Ok heres the scoop.... I just recently found porn movies under our desk in the den. I kinda had a feeling something was going on. About a week ago I started looking around the den since he only uses that computer. He claims my laptop is too slow so he would rather go in the den and use the other computer. Sure enough I found around 8 movies. He has been staying home in the morning watching the movies on media player after me and the kids leave. Or he will do it when I leave in the morning and take my daughter to school while our two boys are home. Also, we both have different emails but I occasionally use his and he knows this. In the trash folder was an email from Amateur Match.com saying “Don’t forget to Login”. This isn’t a place where you find normal decent people to date, it is for sex and they do webcam, live chat etc. In order for him to receive this email he had to go the site and put in some information like a username and a little other info and then they send you this email to complete the registration. He never completed the registration. 

I haven’t said anything to him about this and my first reaction was to be a little angry. But after giving it some thought I can honestly say that it doesn’t really bother me that he watches porn every now and then as long as it doesn’t interfere with our fun. It DOES bother me that he goes on websites like Amateur Match though and I don’t know what to say to him about this.

We both work at our family business (small car lot) and share a back office. The other day I had my 3yr old with me at work and I had brought a movie for him to watch so I could get a little work done. I opened the disc player on the little tv and sure enough there was a porn movie in there! He knew I had found this movie and made a joke that he found it in a car he had bought and wanted to see what was on it.
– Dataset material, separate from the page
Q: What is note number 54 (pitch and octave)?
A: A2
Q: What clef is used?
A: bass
Our fun hasn’t changed but for instance the other morning we had a little fun before the kids woke up and when I left to take our daughter to school he then got on the computer and watched a movie for a couple minutes. Right after we had our fun! What’s up with that? Also I still haven’t told him that I know about the porn movies at our home or about the email. I have dropped a few hints but he doesn’t seem to take notice of what I am really saying. When I seen the movie down at our business I had asked him if he had more but he said no. Then I made a comment about that I didn’t care if he watched it but he said he doesn’t do stuff like that. Why the lying? I am not being confrontational or angry so why not just say something like ’yeah I watch it every now and then?’
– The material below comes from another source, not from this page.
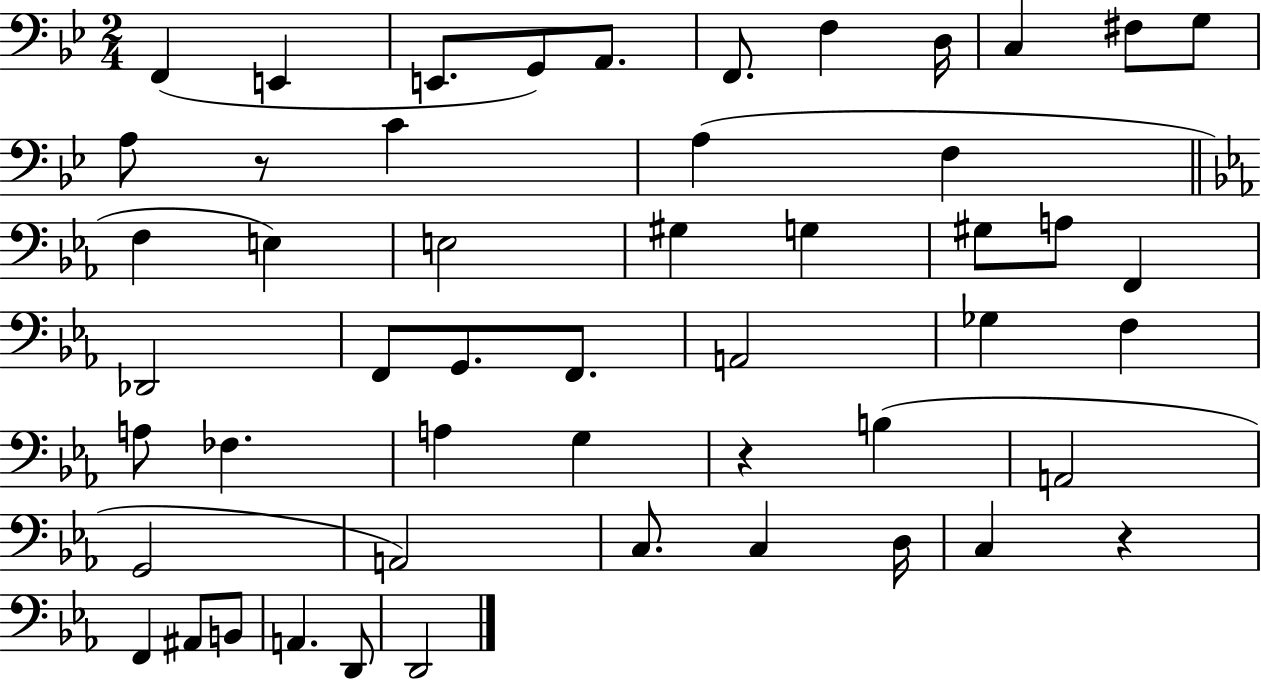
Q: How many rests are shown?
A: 3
I have to approach the subject of the email because it seriously bothers me and I want to let him know that I know he watches the movies at home. But I am not sure what to say? Also, when is watching porn too much?


----------



## DawnD (Sep 23, 2009)

I am not a man, but I can tell you my run in with the H and porn. After 7.5 years of marriage he finally came out and told me he liked to watch porn sometimes. He said it would come and go in phases. And I said "okay, so what? Who doesn't like a little porn now and again?" And I thought he was going to pass out. He thought I would be furious and be completely disappointed in him, and I told him the only thing that disappointed me was that he lied about it. Just tell me and I will understand. 

So about a week later I made it a point to have him come home for lunch to me sprawled out in bed naked watching a porn movie and "helping myself". Since then, have not had one problem with him not telling me when he wants to watch a little. And I am being invited to come along......lol. Doesnt' work for everyone, but if you like porn too, it can be really fun!
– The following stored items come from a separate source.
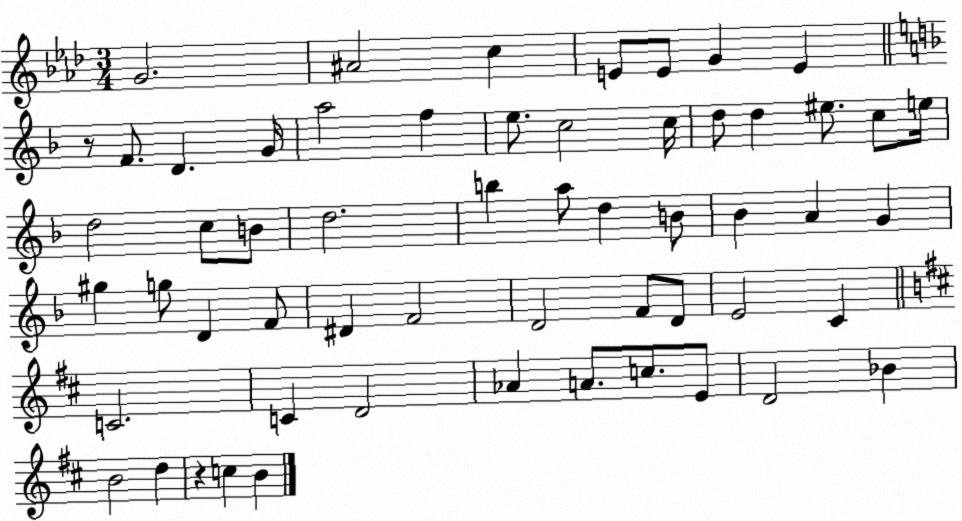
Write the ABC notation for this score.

X:1
T:Untitled
M:3/4
L:1/4
K:Ab
G2 ^A2 c E/2 E/2 G E z/2 F/2 D G/4 a2 f e/2 c2 c/4 d/2 d ^e/2 c/2 e/4 d2 c/2 B/2 d2 b a/2 d B/2 _B A G ^g g/2 D F/2 ^D F2 D2 F/2 D/2 E2 C C2 C D2 _A A/2 c/2 E/2 D2 _B B2 d z c B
You can ask him hey, I don't mind you watching it but I prefer we watch it together if you are worried about it being too often.


----------



## laredo (Jan 23, 2010)

I am sure he would enjoy you watching some porn with him. I far as dating sites, he just wants to hear women talk about sex. He is probably telling the truth, it comes and goes. The sex and marriage forum on the site is not porn, but there are some explicit post.


----------



## turnera (Jan 22, 2010)

Have an honest discussion with him on what he feels is missing. Work out how to make your sex life better. My H and I go to those stores occasionally and buy a video together; it helps me get in the mood sometimes. *shrug* I've been open to discussing with him what would make the situation better for him, and we have explored options. He seems pretty happy with such actions (the shopping and viewing, and accessories) on my part. Does he feel like you're on the same side on this issue, or is it him having to struggle to get what he wants? Communication is king.


----------



## Shoto1984 (Apr 11, 2009)

My take is that he has an "interest" that he is afraid to share with you. As mentioned earlier, he probably thinks you will be angry/hurt etc. Maybe open a conversation about it by telling him that finding the movie at the office has you curious about them and if he'd be OK bringing one home for the two of you. Let him share his "interest" from there. I think as long at everything stays between you two and you are comfortable with what you're doing/seeing everything should be fine. My bet is that he will love you even more for accepting him and having fun with him. The chatting etc on adult websites is another thing as it involves outsiders in what generally should stay inside the marriage. You know your limits better then anyone on this forum, but at a minimum if that is going to be ok then it should be something you do together and totally transparent.

Best of luck.


----------



## nice777guy (Nov 23, 2009)

The two things that bug me are you putting in a kids dvd and finding porn - if you watch porn and have kids you have to be REAL careful.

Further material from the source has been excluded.